Ил. 3. Пауль Клее. Angelus Novus. 1920
Некоторые, впрочем, высказывают сомнения в самой возможности поэтического «перевода» художественного опыта на язык слов вслед за влиятельным литературным критиком пятидесятых годов Полом де Маном, который оспаривал взаимную переводимость дисциплин. По его мнению, разрыв между миром «духа» и миром «чувствующей субстанции» непреодолим[43]. Главной мишенью критики де Мана является старинная практика экфрасиса.
Экфрасис – «литературное описание произведения изобразительного искусства» (словарь Мерриама-Вебстера), то есть перевод одной дисциплины (искусство) на язык другой (литературы).
«Письмо об искусстве – все равно что танец на тему архитектуры или вязание на тему музыки», – говорят некоторые, подчеркивая абсурдность подобных усилий[44]. С этой точки зрения любая художественная критика является компенсаторной практикой, обреченной на несоответствие своему предмету. Например, «перевод» на язык слов политического искусства может быть обвинен в предательском смягчении его посыла, нормализующем средствами языка заключенный в произведении протест[45].
Существует давняя традиция критиков-поэтов[46]:
Шарль Бодлер;
Гийом Аполлинер;
Гарольд Розенберг;
Фрэнк О’Хара;
Ричард Бартоломью;
Джон Эшбери;
Жак Дюпен;
Картер Рэтклифф;
Питер Шелдал;
Гордон Берн;
Джон Яу;
Барри Швабски;
Тим Гриффин.
Тексты этих авторов могут показаться вам слишком замысловатыми, но – возможно, как раз благодаря их пиетету как перед искусством, так и перед литературным письмом, – они порой создают образцы самой что ни на сеть проницательной критики. Некоторые художники хорошо пишут не только о своем творчестве, но и о творчестве коллег. Среди лучших образцов критики такого рода я бы назвала (в числе прочих) статьи, которые писали в шестидесятых годах минималисты Дональд Джадд и Роберт Моррис.
5. Критика без границ
С учетом того что знание в текстовой форме считается сегодня практически необходимым сопровождением любого искусства, волей-неволей напрашиваются вопросы:
♦ Присуще ли значение произведению искусства как некое ядро, которое должен извлечь из него внимательный зритель или критик?
♦ Не производится ли это значение самим критиком?

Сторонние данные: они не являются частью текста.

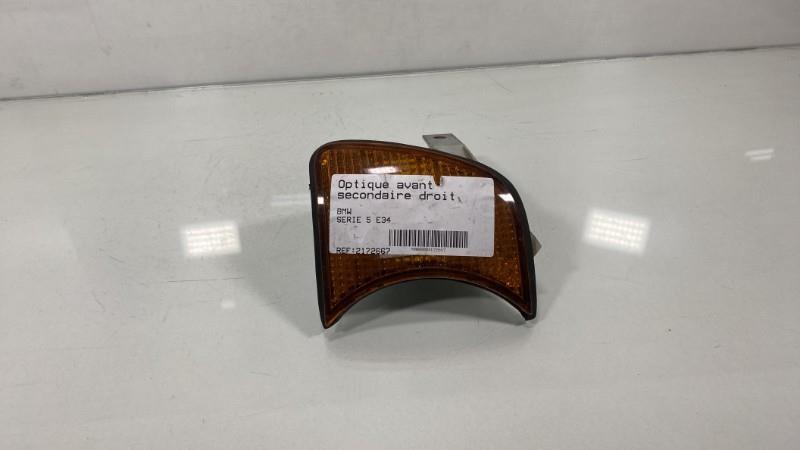 Optique avant secondaire droit (feux)(clignotant) BMW SERIE 5 E34  - 1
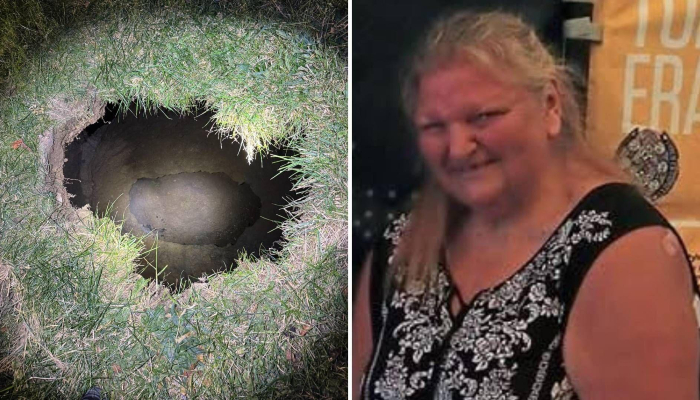 Women fallen into sinkhole feared tragic end as search shifts to recovery effort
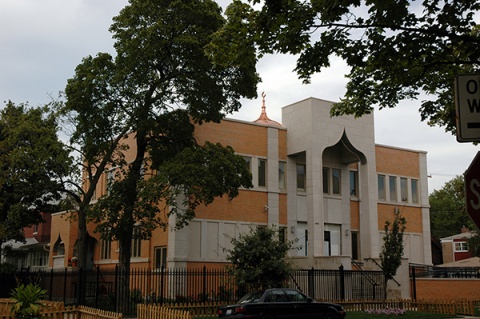 Makki Masjid, Chicago, IL, United States, 2004-4-18, 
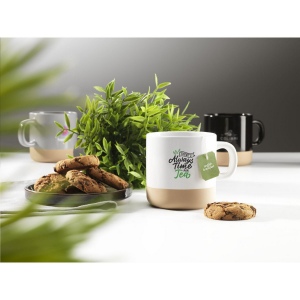 Mug avec anse, fabriqué en céramique de haute qualité et 5% de céramique recyclée 14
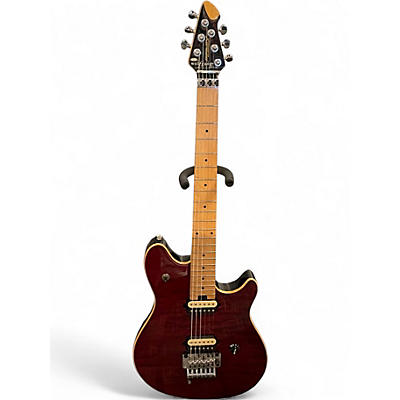 Used 2024 Peavey  WOLFGANG SPECIAL Crimson Red Trans Solid Body Electric Guitar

♦ Не пытаются ли критические тексты, как утверждают скептики, лишь загипнотизировать читателя, превращая заурядные вещи в драгоценности путем своего рода заклинания – повторения специальных терминов?
♦ Верно ли, что критики пробуждают произведения искусства к жизни своими словами и текстами?

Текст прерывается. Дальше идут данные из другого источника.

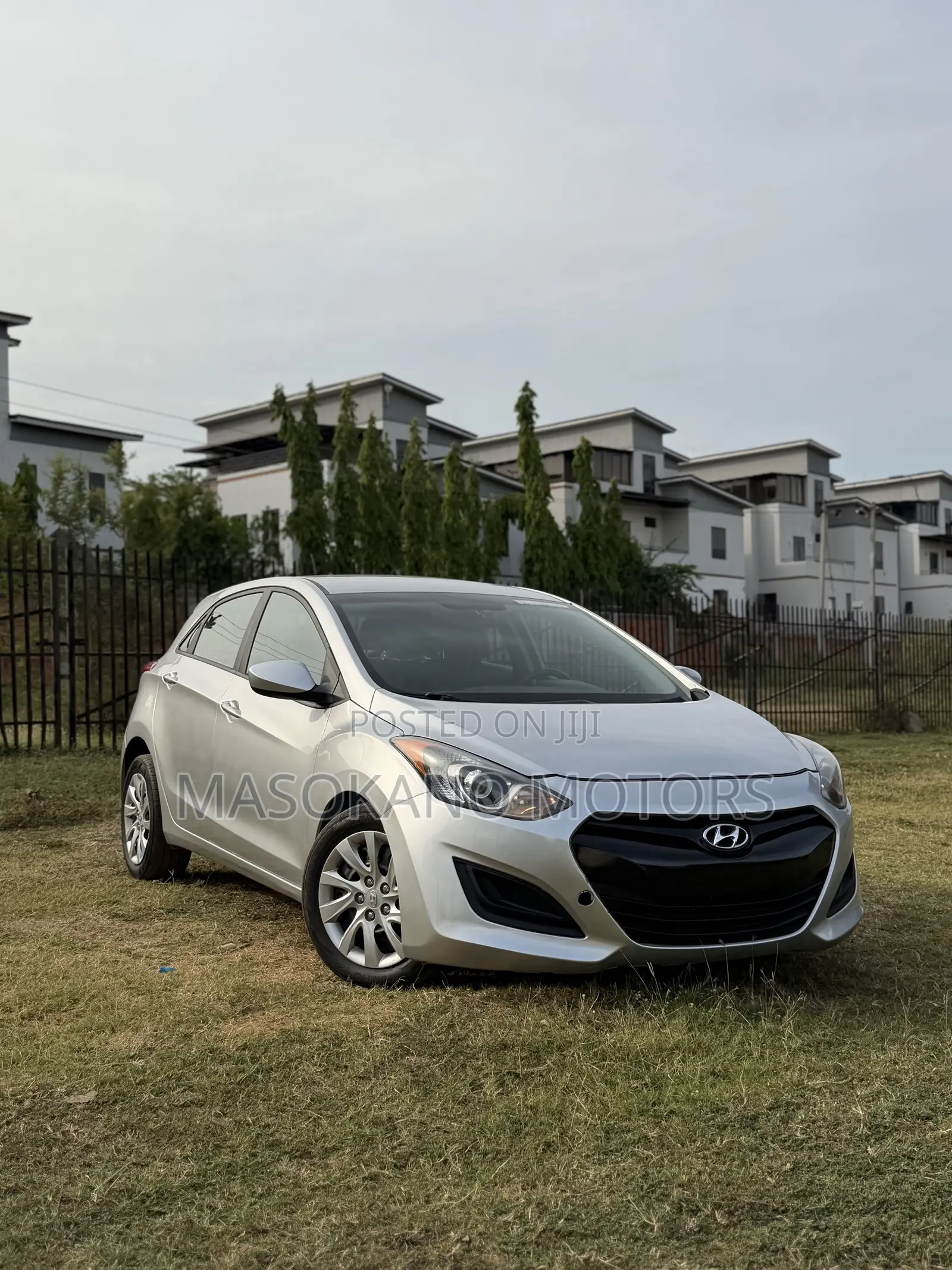 Hyundai Elantra 2013 Silver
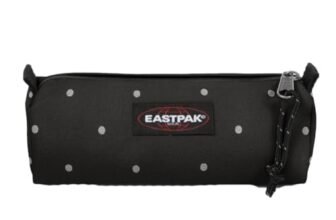 Eastpak BENCHMARK Single Astuccio, DotsBlackSilver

♦ Или художественная критика всего лишь паразитирует на искусстве, присоединяясь к тому, что без нее чувствует себя только лучше?
♦ Или, наконец, она служит искусству помощницей, сопровождая его, словно преданный пес-поводырь?
Несут ли критики ответственность перед искусством? Никакого признанного канона оценки искусства более не существует, и тексты критиков целиком и полностью следуют их собственным суждениям и критериям. На кого они должны ориентироваться прежде всего – на художников или на читателей? Штатный критик журнала frieze Дэн Фокс, раздраженный (по его собственным словам) потоком пустопорожних публикаций вокруг выставки Altermodern (2009; куратор Николя Буррио) в галерее Тейт Модерн, заявил:
Критики несут ответственность перед читателями: они обязаны объяснить, почему предмет их осуждения плох, прежде чем перечеркивать его безапелляционной фразой; они обязаны привести факты; они обязаны описать произведение – прежде чем критиковать видеофильм, нужно потратить время на его просмотр, как бы долго он ни длился[47].
Методы критика, его этические устои и убеждения важны не меньше, чем проницательность, выбор художника или изящество стиля. По признанию Яна Верворта, толчком к письму служит для него чувство долга перед художественным опытом[48]. Критики, глубоко погруженные в искусство и наделенные даром красноречия, могут помочь художникам прояснить и развить свои идеи: тогда они становятся соратниками художников, а уже не просто сторонними наблюдателями. Так или иначе, долг критиков перед читателями и перед искусством – соблюдать точность. (В одном плохо вычитанном блоге фотография перформанса Кароли Шнееман «Meat Joy» – «Радость мяса» [1964], в котором полуобнаженная Шнееман принимала вызывающие позы, была ошибочно – хотя соблазн ошибки понятен – подписана «Meet Joy» – «Встречайте радость».)